Bu liste Doğruluk Payı tarafından hazırlanmıştır, haberiniz olsun.
Seçimler yaklaşırken Türk siyasetinin nabzını da ölçmeye devam ediyoruz.
Bu sefer AK Parti’nin üst düzey isimlerinin çeşitli açıklamalarından oluşan bir liste hazırladık. Özellikle ekonomik konuların bu denli yoğun olduğu bir ortamda, bu listenin de ekonomi ağırlıklı olması şaşırtıcı olmasa gerek.
Buyrunuz.
1. Ahmet Davutoğlu: “Komşularla ekonomimizi yüzde 8’den yüzde 32’ye çıkardık”
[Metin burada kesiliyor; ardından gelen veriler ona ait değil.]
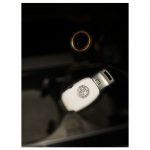 غطاء  لمفتاح السيارة مع لوجو Apple Tree  لمرسيدس  E Class 2016-2019  / لون ابيض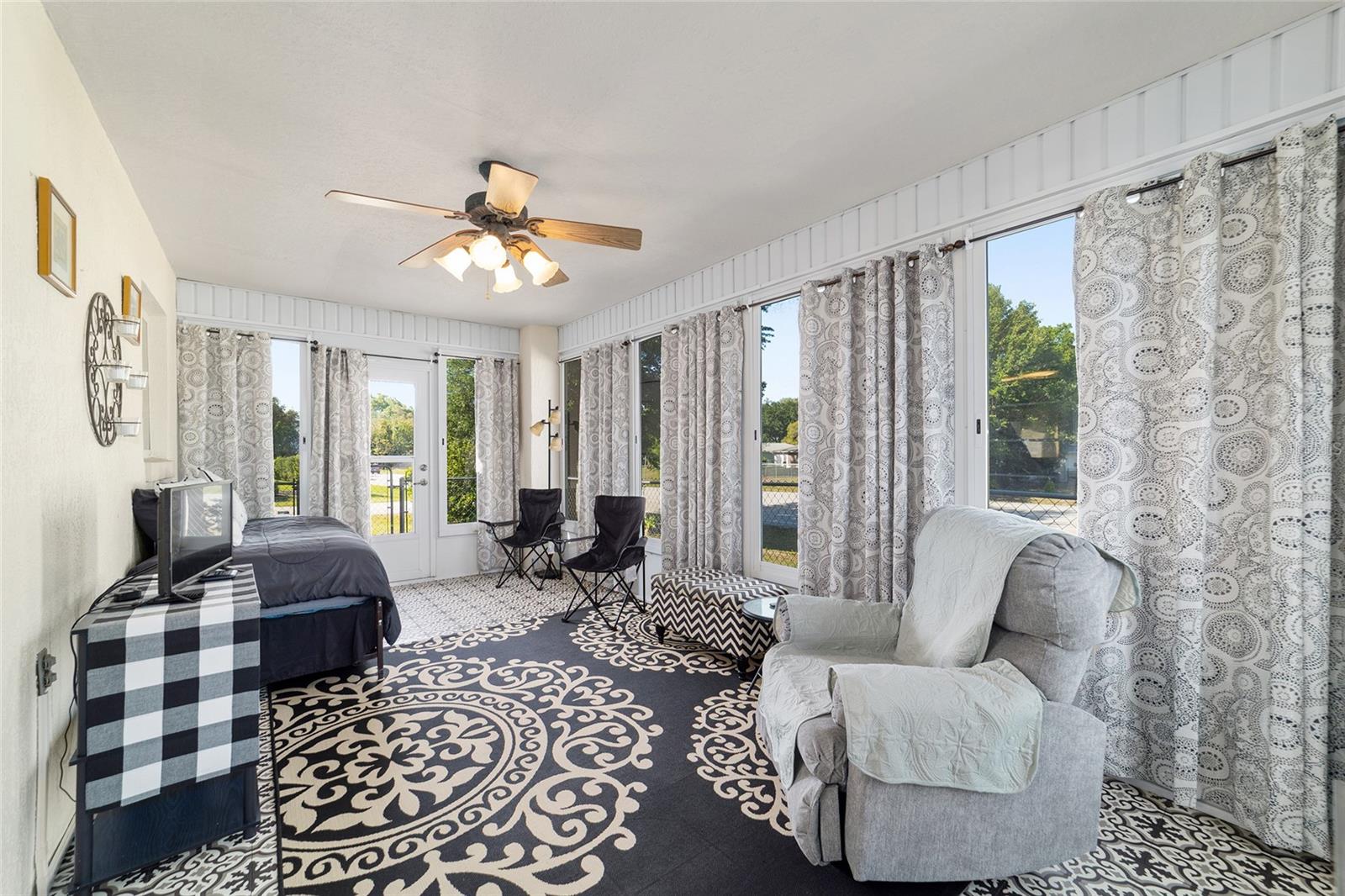 Image 41 of 49 For 10470 61st Terrace Road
Başbakan Ahmet Davutoğlu, Türkiye ekonomisinin yıllar içinde (AK Parti döneminde) nasıl geliştiğini anlatmayı pek seviyor. Yine bu anlatımlarından birinde, ekonomimizin geliştiğinin göstergelerinden biri olarak, komşularımız ile olan ticaret hacmimizin %8’den %32’ye çıktığını iddia etti.
Biz de bu iddiayı analiz edelim dedik. AK Parti döneminde genel ihracatımız 4,5 kat, ithalatımız ise 3,5 kat artmış durumda.
Ancak böylesi ciddi bir artışı komşularımız için söylememiz pek mümkün değil, TÜİK verilerine göre 2002 yılında komşularımız ile ticaretimizin tüm ticaret hacmimizin içindeki payı %4,8 görünüyor. 2015’e geldiğimizde ise oran artarak %10,8’e çıkmış. Hatta 2012’den sonra bu konuda bir düşüş gerçekleştiğini de söyleyebiliriz.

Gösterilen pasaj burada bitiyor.